This post lists some adaptation strategies (written in the LAG Adaptation Strategy Language) along with example content and demos in ADE/AHA!
ADE is a delivery platform for adaptive educational hypermedia (adaptive e-learning) which I’ve been developing as part of my PhD at the Intelligent and Adaptive Systems group at the University of Warwick.
Basic strategy that makes all concepts visible.
The roll-out strategy does two things: the more times you visit a (sub)lesson, the more of its contents (attributes) become visible. At the same time the opposite is also possible: the more times you visit a (sub)lesson, the more of its contents become invisible. This is governed by weight (number of visits) and label (either showafter or showatmost for content that needs to appear or disappear respectively). The keywords strategy is a special version of the same principle, which only uses labels (number of visits is always 1, and the content is always revealed, never hidden)
Visual / Verbal
Concepts are either unlabeled (general) or have label ‘visverb’ with a weight indicating where on the vis/verb axis they lie. Visual concepts have weight nearer 0 and verbal concepts have weight nearer 100. The user has a stereotype ‘visverb’ which is also a number between 0 and 100, with the same meaning (0=visual, 100=verbal user). The user selects a stereotype by visiting special ‘settings’ concepts; the weight of the concept becomes their new visverb number.
A variable in the UM defines a threshold. visverb concepts are visible if and only if abs(weight-stereotype)<=threshold.
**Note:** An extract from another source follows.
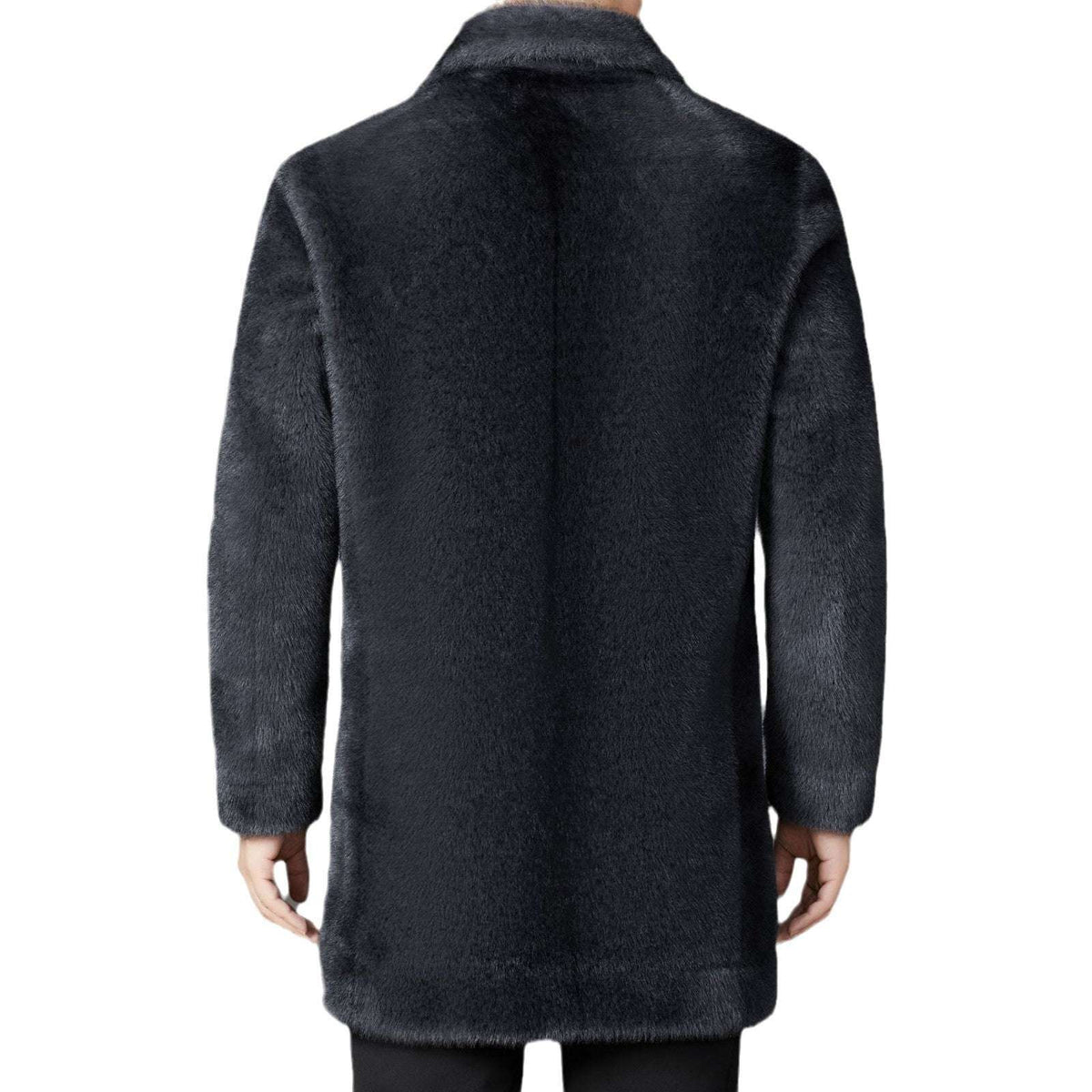 Dark gray mink fur coat, stand collar and full back panel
So it’s like a band filter (this makes it more appropriate to knowledge levels, I guess). General concepts are always visible and have no effect on the adaptation.
Beginner, Intermediate, Advanced
This is an attempt at combining all four of the above strategies, without resorting to labels that are cartesian products. Using Cartesian products a label A-B-C is treated as three labels A, B and C respectively… which one the weight applies to is harder to define, although I guess one could split the weight into component numbers (like units vs tens) that can be separated out again. I don’t really think that’s very elegant or robust though.
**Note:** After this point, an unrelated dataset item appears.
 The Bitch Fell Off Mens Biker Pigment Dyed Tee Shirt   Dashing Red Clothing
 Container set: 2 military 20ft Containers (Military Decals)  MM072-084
So the idea was to have labels/weights be inherited by child lessons unless explicitly overruled by their own label/weight. (This way a concept can indirectly get multiple labels). These labels are all stored in an overlay that is then used instead of the GM labels for the adaptation rules. This is basically a workaround for a MOT shortcoming. Unfortunately the inheritance idea doesn’t work because of the way group lessons are handled by LAG (their labels and weights can’t be inspected). The strategy is included for ‘educational’ purposes, since the principle itself is sound.
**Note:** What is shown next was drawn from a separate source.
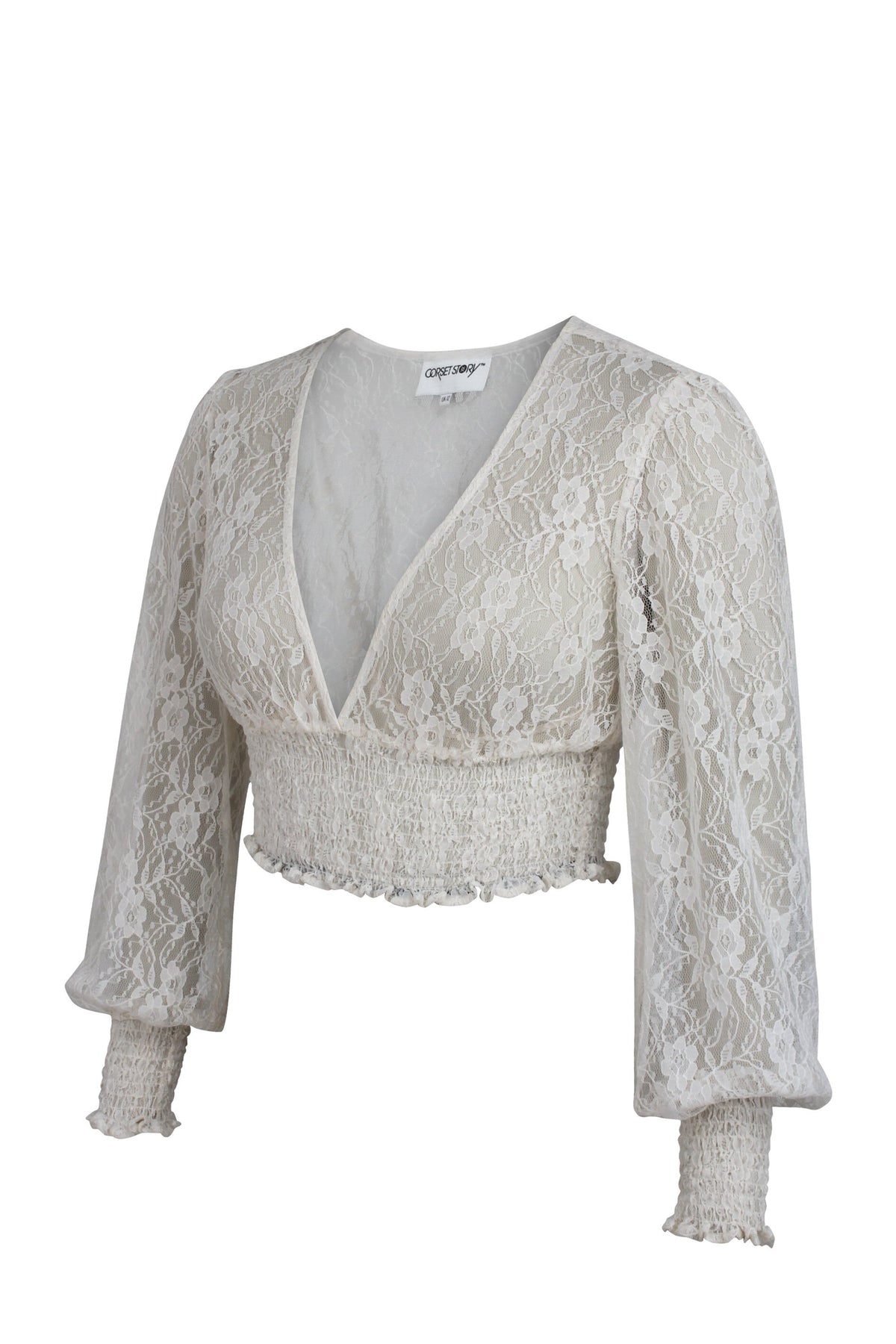 Pearl Whisper White Lace Cropped Top With Long Sleeves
This strategy shows concepts based on their type. This particular implementation only shows concepts of the type text and doesn’t show the other concepts.
After seeing all beginner concepts sets the user to intermediate and shows the related concepts
This strategy shows the concept labelled as start first, then the rest of the content in a depth first manner using the child-parent relations
This strategy shows the concepts in a breadth first manner. It uses a user model variable called level which determines which level in the hierarchy gets shown.